In a footnote of its majority opinion, the court explicitly said that specific definition should be left “for another day.”

The state’s abortion ban has generally been accepted to stop the procedure at six weeks after conception, but medical experts and abortion providers are questioning that rule, noting that a fetus isn’t formed until 8-10 weeks into a pregnancy, and the heart’s four chambers are not formed until 18-20 weeks.

The groups filed to challenge the court’s ruling Thursday, seeking clarity on what “fetal heartbeat” means and asking the court to suspend the abortion ban while that clarification is being decided.

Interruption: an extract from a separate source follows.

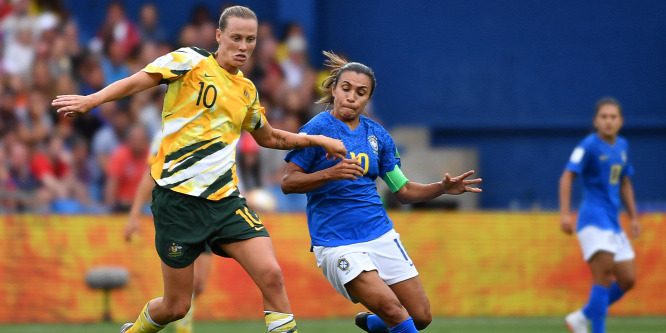 Hiába Marta történelmi rekordja, kikaptak a brazilok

“That failure to answer this question leaves Respondents — the only abortion providers in the state — in an untenable position,” the plaintiffs wrote.

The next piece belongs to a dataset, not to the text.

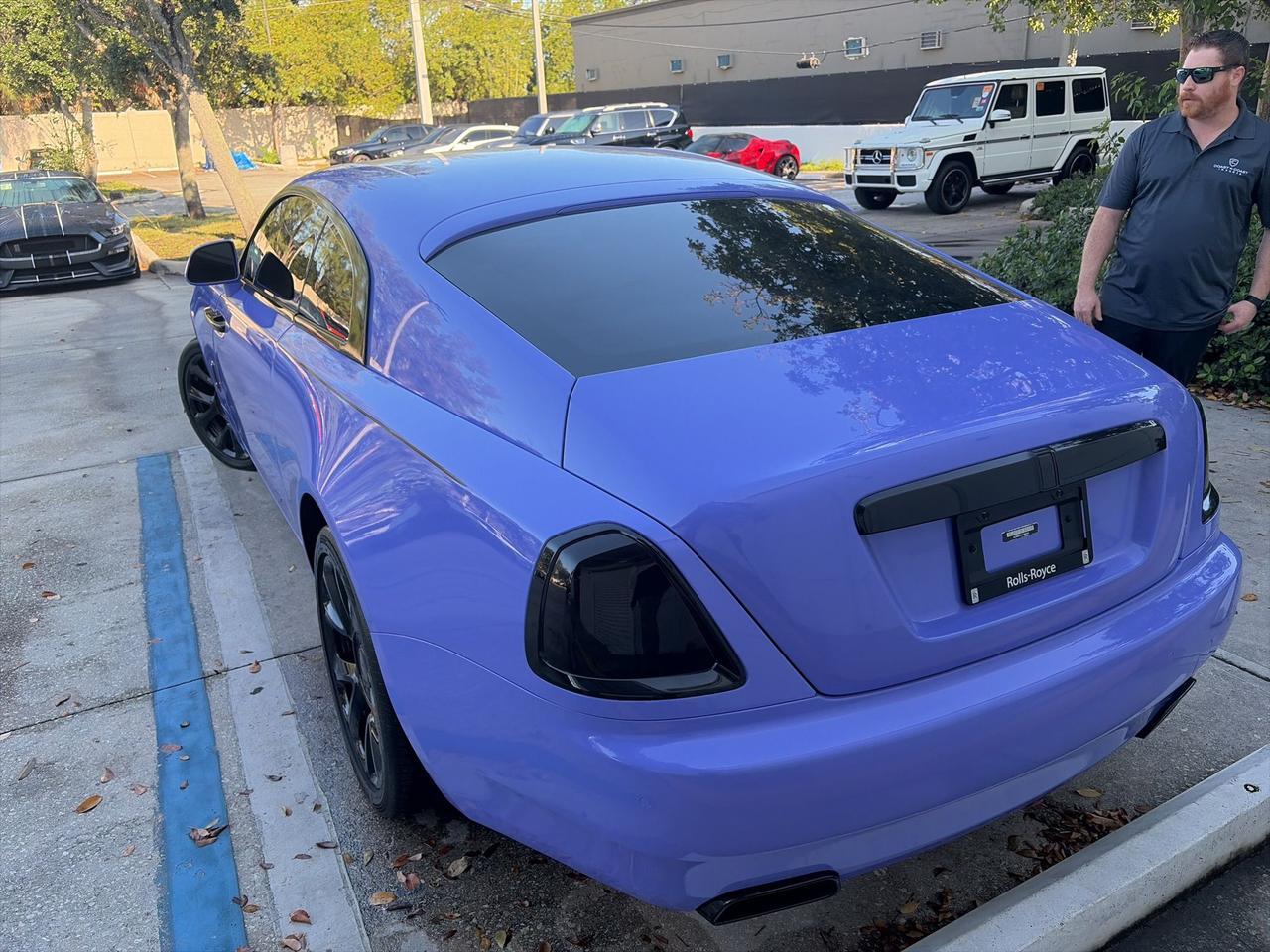 2017 Rolls-Royce Wraith Base Ft Lauderdale FL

“Faced with the specter of the severe criminal and civil penalties the Act imposes on anyone performing an abortion in violation of the ban… Respondents had no choice but to stop providing abortion services to South Carolinians whose pregnancies have progressed past approximately six weeks,” they continued.

The portion of the court’s ruling in question also drew criticism from Chief Justice Donald Beatty, who wrote in dissent: “[The opinion] does not resolve the anomaly appearing on the face of the legislation regarding the timing of the ‘fetal heartbeat’ ban.”

Specifically, the law defines a fetal heartbeat as “cardiac activity, or the steady and repetitive rhythmic contraction of the fetal heart, within the gestational sac.” Abortion providers and medical experts argue that that definition is more in line with the formation of the heart at 18-20 weeks, instead of the widely understood six-week ban in the law.

South Carolina Republicans expect legal challenges to the law to continue.

“It wouldn’t surprise me at all if Planned Parenthood keeps fighting,” state Senate Majority Leader A. Shane Massey said Wednesday, adding that the law is “really very clear.”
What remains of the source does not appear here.